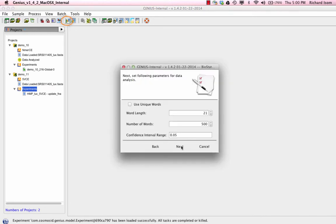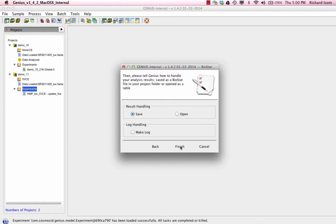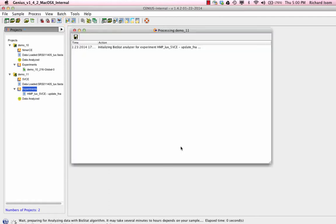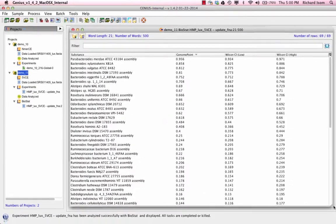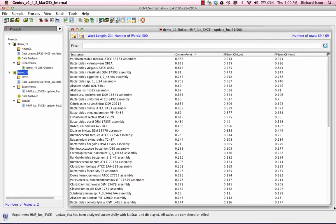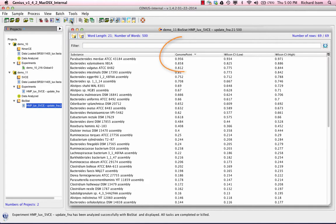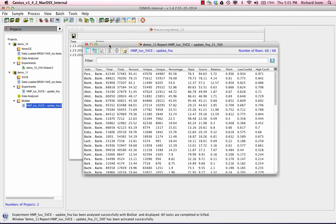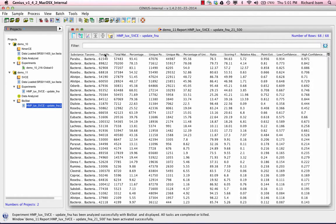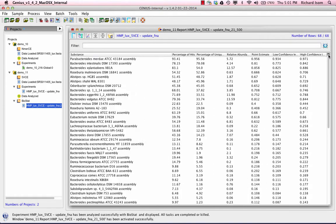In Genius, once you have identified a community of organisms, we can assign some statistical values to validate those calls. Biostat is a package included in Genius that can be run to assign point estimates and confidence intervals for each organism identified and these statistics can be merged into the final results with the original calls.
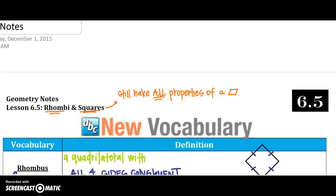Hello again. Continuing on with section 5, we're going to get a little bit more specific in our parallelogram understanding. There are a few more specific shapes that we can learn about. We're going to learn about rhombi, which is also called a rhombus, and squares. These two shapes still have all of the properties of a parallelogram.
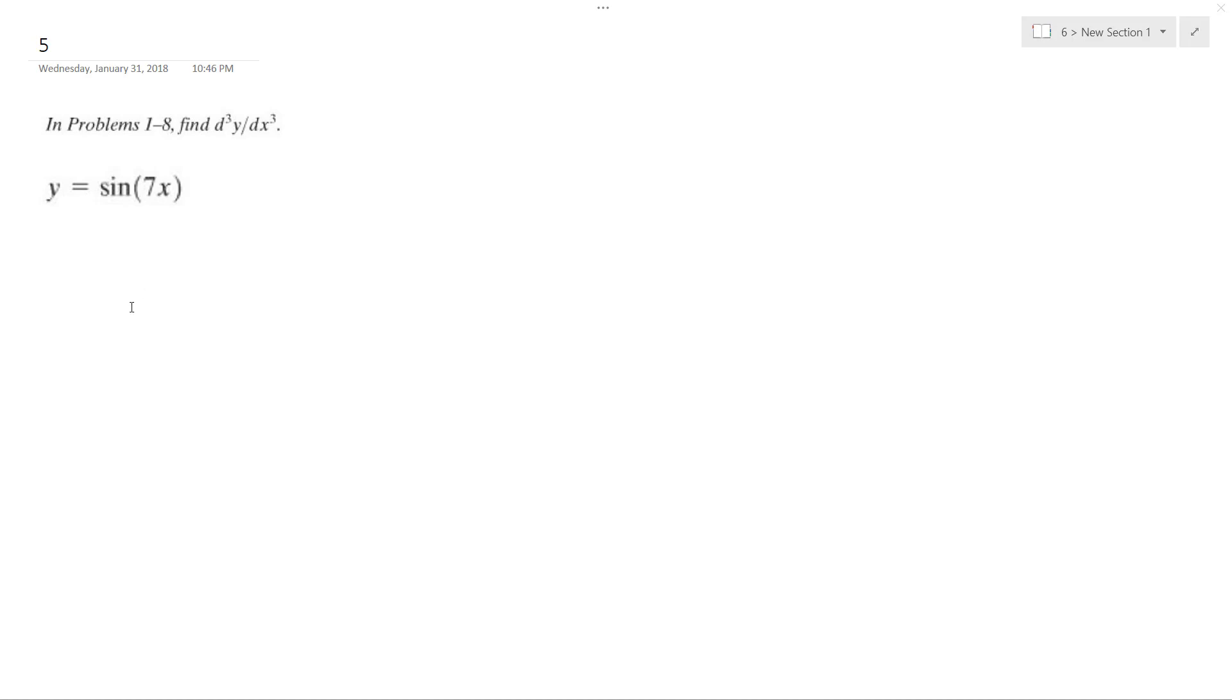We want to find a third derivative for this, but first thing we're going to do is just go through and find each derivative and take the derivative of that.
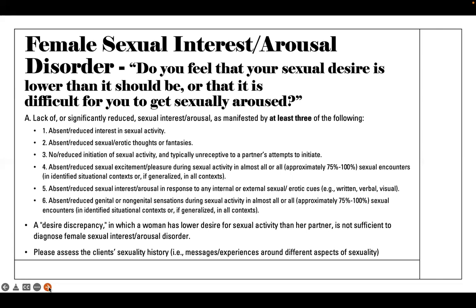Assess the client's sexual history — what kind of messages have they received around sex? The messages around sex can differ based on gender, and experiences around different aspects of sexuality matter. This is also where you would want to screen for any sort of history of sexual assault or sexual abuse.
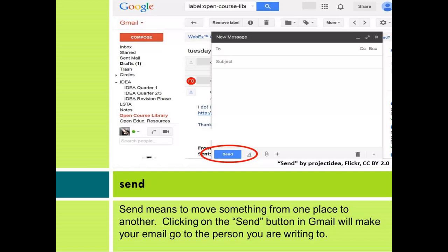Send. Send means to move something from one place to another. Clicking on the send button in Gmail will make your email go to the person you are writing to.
■ ■ ■ ■ ■
Work task: Starting from the line that contains "Assess the client's", transcribe exactly each line down to the final line of the material above, excluding every picture and adding nothing else.

Task solution:
Assess the client's sexual history — what kind of messages have they received around sex? The messages around sex can differ based on gender, and experiences around different aspects of sexuality matter. This is also where you would want to screen for any sort of history of sexual assault or sexual abuse.
Send. Send means to move something from one place to another. Clicking on the send button in Gmail will make your email go to the person you are writing to.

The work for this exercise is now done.